Supplied records:
□ □ □ □
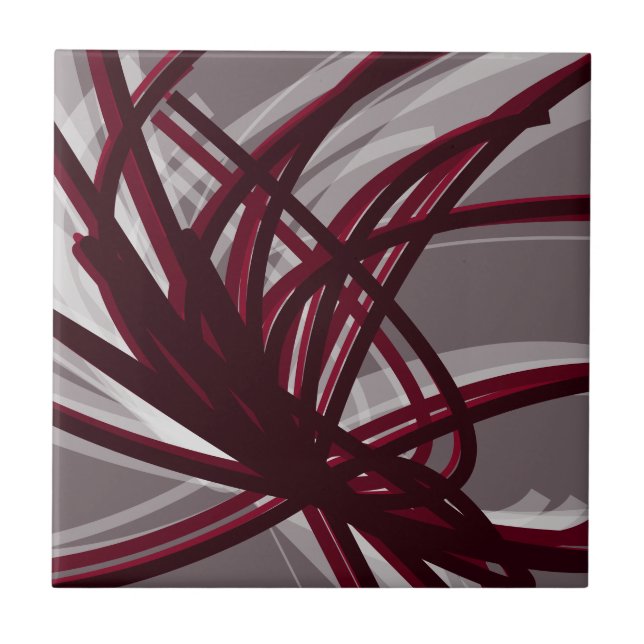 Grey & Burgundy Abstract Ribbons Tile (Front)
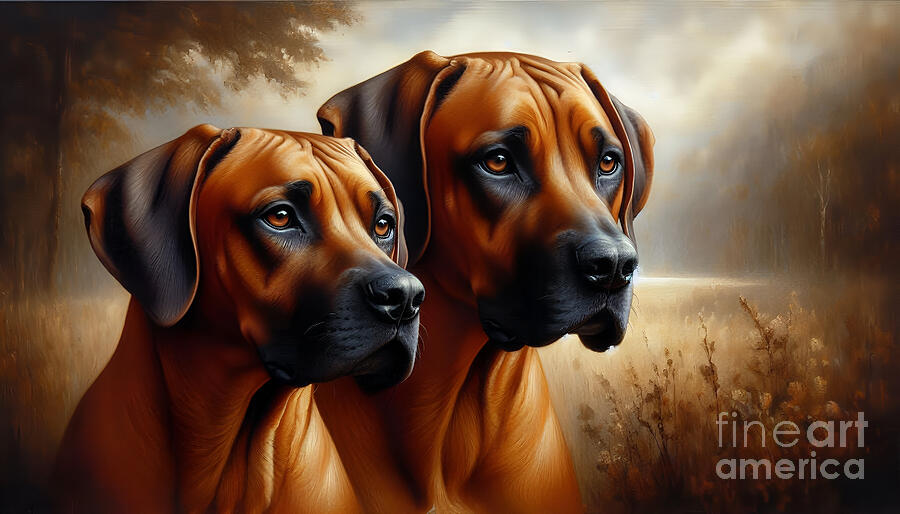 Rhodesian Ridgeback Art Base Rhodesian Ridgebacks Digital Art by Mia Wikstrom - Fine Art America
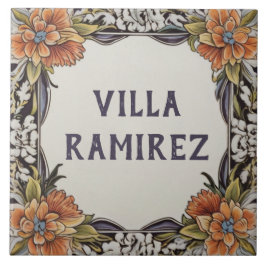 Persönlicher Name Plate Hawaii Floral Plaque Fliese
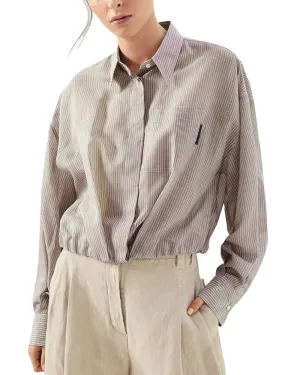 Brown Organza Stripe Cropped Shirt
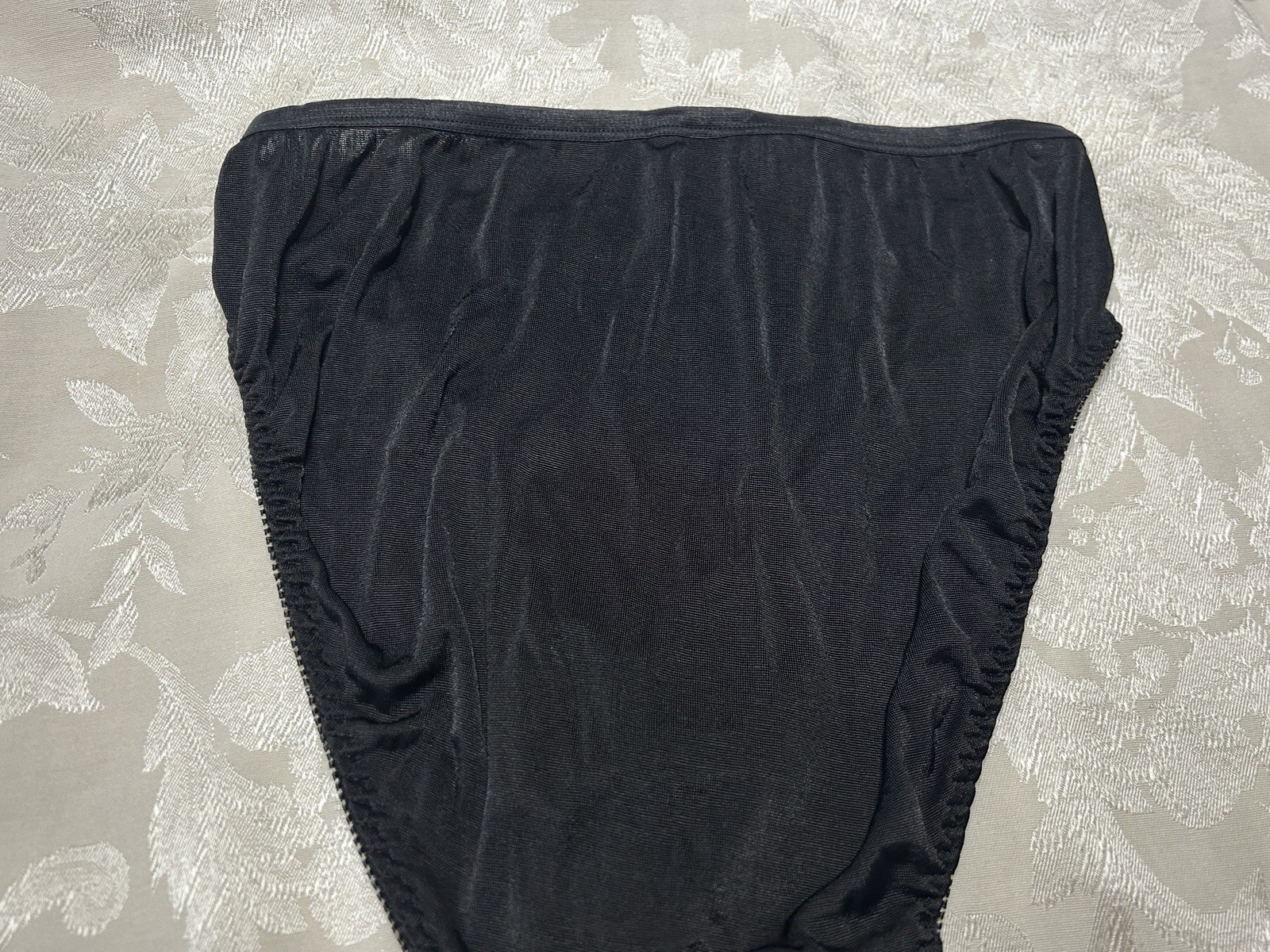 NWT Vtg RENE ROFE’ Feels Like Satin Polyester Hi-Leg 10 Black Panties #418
□ □ □ □
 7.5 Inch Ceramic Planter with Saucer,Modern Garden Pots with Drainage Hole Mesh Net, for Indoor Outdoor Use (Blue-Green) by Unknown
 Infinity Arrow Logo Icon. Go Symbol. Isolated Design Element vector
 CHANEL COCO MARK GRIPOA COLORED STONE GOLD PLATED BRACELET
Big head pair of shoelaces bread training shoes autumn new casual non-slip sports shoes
□ □ □ □
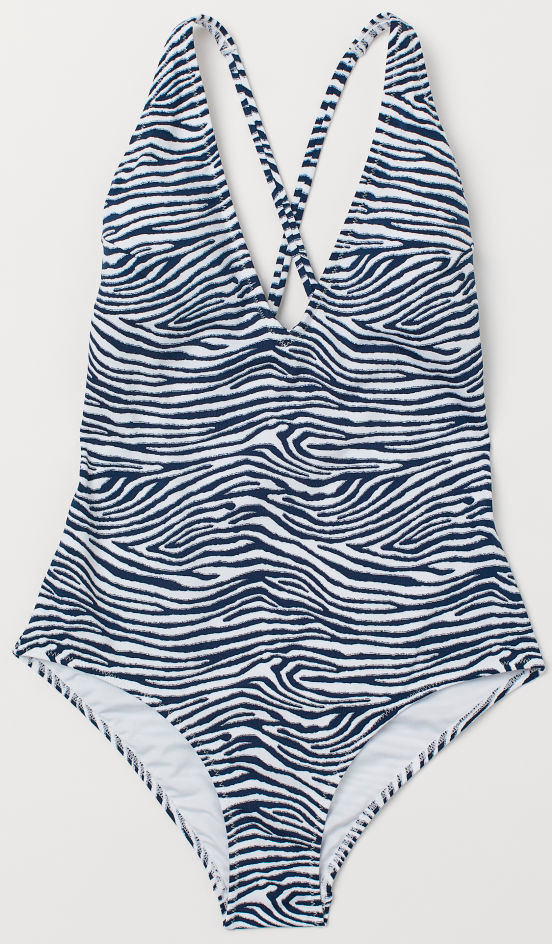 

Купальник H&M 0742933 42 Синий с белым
□ □ □ □
Action item: The required output is the stretch of entries above from the line containing "Infinity Arrow Logo" through the line containing "Big head pair", reproduced exactly.

Task answer:
 Infinity Arrow Logo Icon. Go Symbol. Isolated Design Element vector
 CHANEL COCO MARK GRIPOA COLORED STONE GOLD PLATED BRACELET
Big head pair of shoelaces bread training shoes autumn new casual non-slip sports shoes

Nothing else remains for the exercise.